Les premières pâquerettes rayonnent leur petite blancheur dans l'herbe.
Le carré de terrain nu est toujours là, comme un type entêté. Il campe des pieds de la table au pommier du Japon, à quelques mètres du seuil de la maison.
Le muscari, que j'ai réussi à sauver de l'assaut de la brigade des robots tondeurs, est en train de fleurir. Je lui renouvelle la mini-barrière de bambous et raphia protectrice. Au-dessus de lui le platane s'élève fidèlement, tous bras écartés, toutes poches ouvertes, accueillant merles, mésanges et le pic noir, corps vigoureux, long fuseau, tête fine, le bec pointu déjà, je ne sais s'il est juvénile ou adulte, mâle ou femelle, je l'ai entendu quelques semaines auparavant faire de très curieux appels, ils sont une famille dans ce jardin. Le carré de terre crue campe sur ses positions, sombre, renfrogné. La douceur du ciel laisse résonner les sifflets et les chants, même les silences, si beaux.

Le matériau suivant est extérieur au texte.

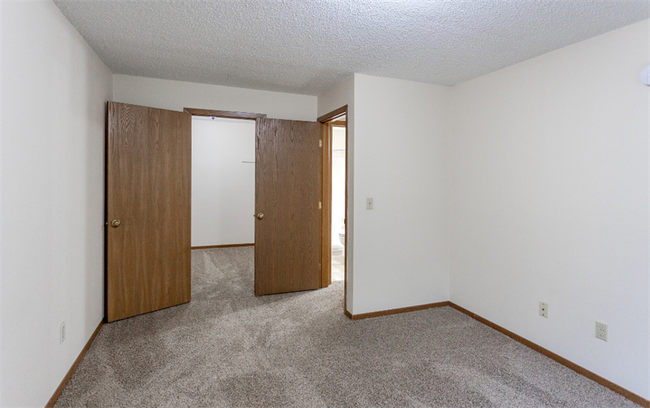 Norway Pines Apartments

La terre d'ombre me lance vers Nicole. Je la vois qui tire sa houe, loin à travers les brumes. Je te vois qui tires ta houe. Ne m'entends-tu pas... les premières pâquerettes rayonnent leurs petites blancheurs dans l'herbe... d'ailleurs, c'était Pâques il y a deux jours.
Le merle est entré tout entier dans un trou bien rond du platane, depuis plusieurs années ils ont ce nid, ou cette cachette.

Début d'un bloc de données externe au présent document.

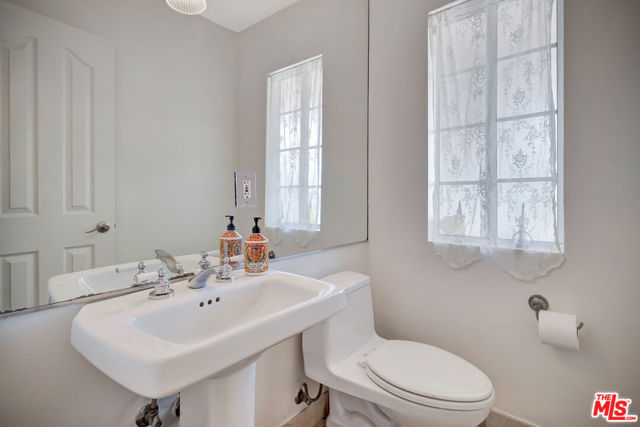 5252 Vanalden Avenue, Tarzana CA: https://media.crmls.org/mediaz/e0831f48-bf48-42da-a86a-4c6b89ffd08a.jpg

Le carré de terre noire toujours aussi obstinément présent. Il ressemble à un zombie de cimetière. Le 5 mai 2022, le 9 avril 2023, les chiffres tournent leurs dates, lancés comme une roulette par le crayon. Deux petites choses ailées dans les branches au-dessus fouettent l'air dans leur fuite. Le Renfrogné s'obstine et me rassure : il compte les jours.
Mais que faire de ces mots, le matin ?
Le mieux serait de les laisser s'égailler, suivre leur pente, leur humeur, peut-être ragaillardis, regonflés ou renouvelés par leur passage dans ma nuit, par l'attention que nous avons eue, momentanément, les uns pour les autres... Et où suis-je, moi-même, ce matin, pourquoi désemparé ainsi ? raccrochons-nous, me dis-je, rabibochons-nous ensemble, reprends le chemin du papier, celui du réseau social, du courriel, du téléphone... imagine, me dis-je, et prends la peinture, mets-toi au piano, prépare la maison pour des invités, prépare-toi pour un voyage. Finalement, choisis cette photo étrange de ces humains qui se cherchent, ou s'appellent, ou se capturent.